2004 Naye tsaytn. Naye lider. Singing new songs for new times. by
“Sholem Aleykhem” dear friends. In greeting each other with the words, “Sholem Aleykhem” we say several important things: We say we’re happy see each other… We remember that “Sholem Aleykhem” is a universal greeting for Jews when they meet each other… and we honour the memory of most popular writer in the history of Yiddish literature, Sholem Rabinovitch, who took the name Sholem Aleichem and wrote about “Jewishness as if it were a gift, a marvel, an unending theme of wonder and delight”1
That we meet in May and Sholem Aleichem’s birthday was May the l5th, and we do look on “Jewishness as if it were a gift, a marvel, an unending theme of wonder and delight,” is as it should be.

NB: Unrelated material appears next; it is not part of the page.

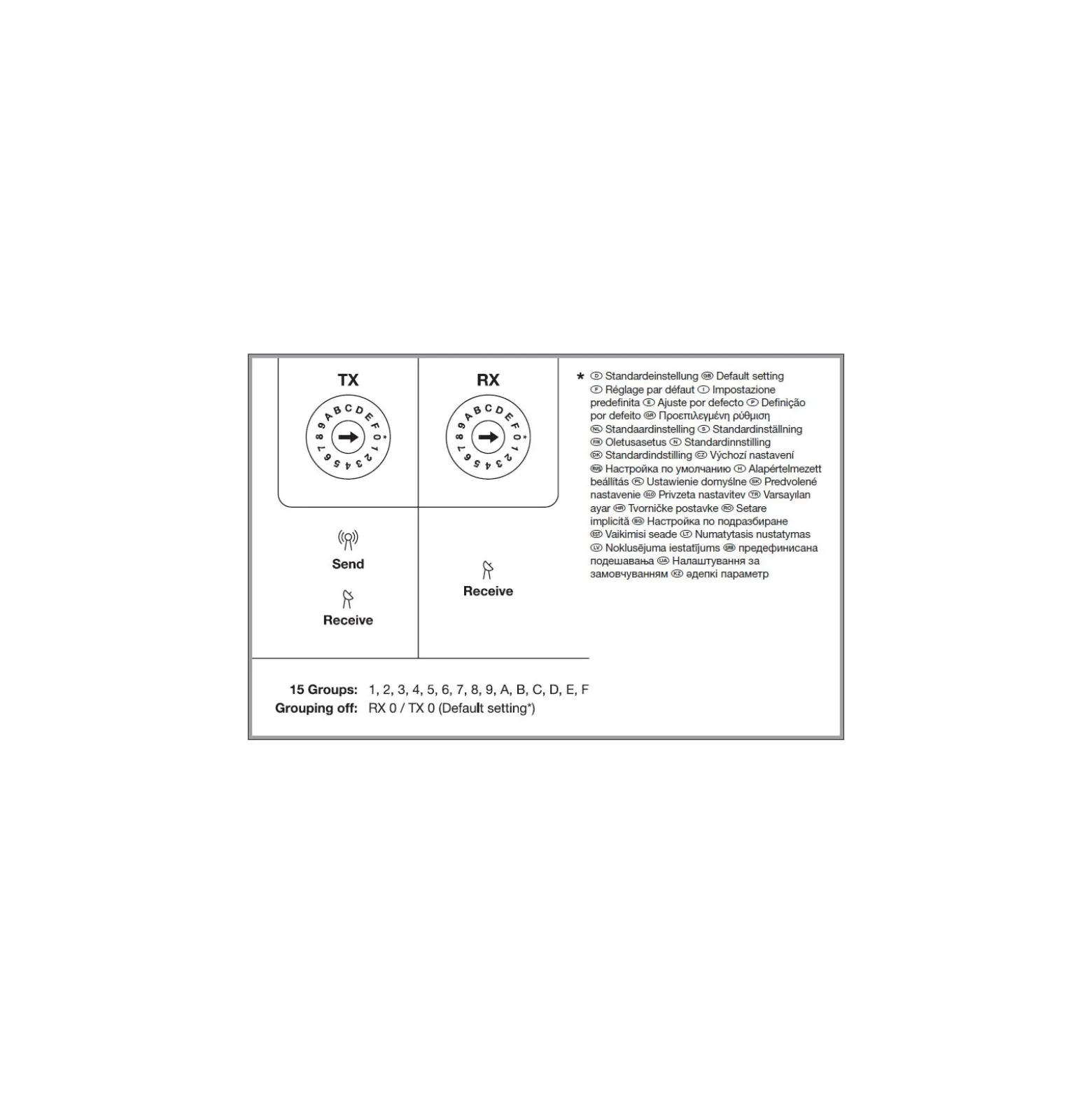 Ledvance Surface Flat Sensor Vit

When we, at this conference, say “Sholem Aleykhem” to each other we greet the occasion of our coming together. We do it as individuals and as members of groups that add the words secular and humanist to our identity to help define our point of view as Jews vis a vis other parts of the community that base their world view on different parts of the Jewish tradition. As Jewish secular humanists we are one of the links in a long chain of Jewish history that has held together, most of the time in tension, always in angst ridden conversation but never broken.
Our job this weekend is to find new ways to renew ourselves and keep the conversation going; to always be able to say “Sholem Aleykhem” to any sector of the Jewish community and receive the acceptance of our presence through the return greeting of – Aleykhem Sholem.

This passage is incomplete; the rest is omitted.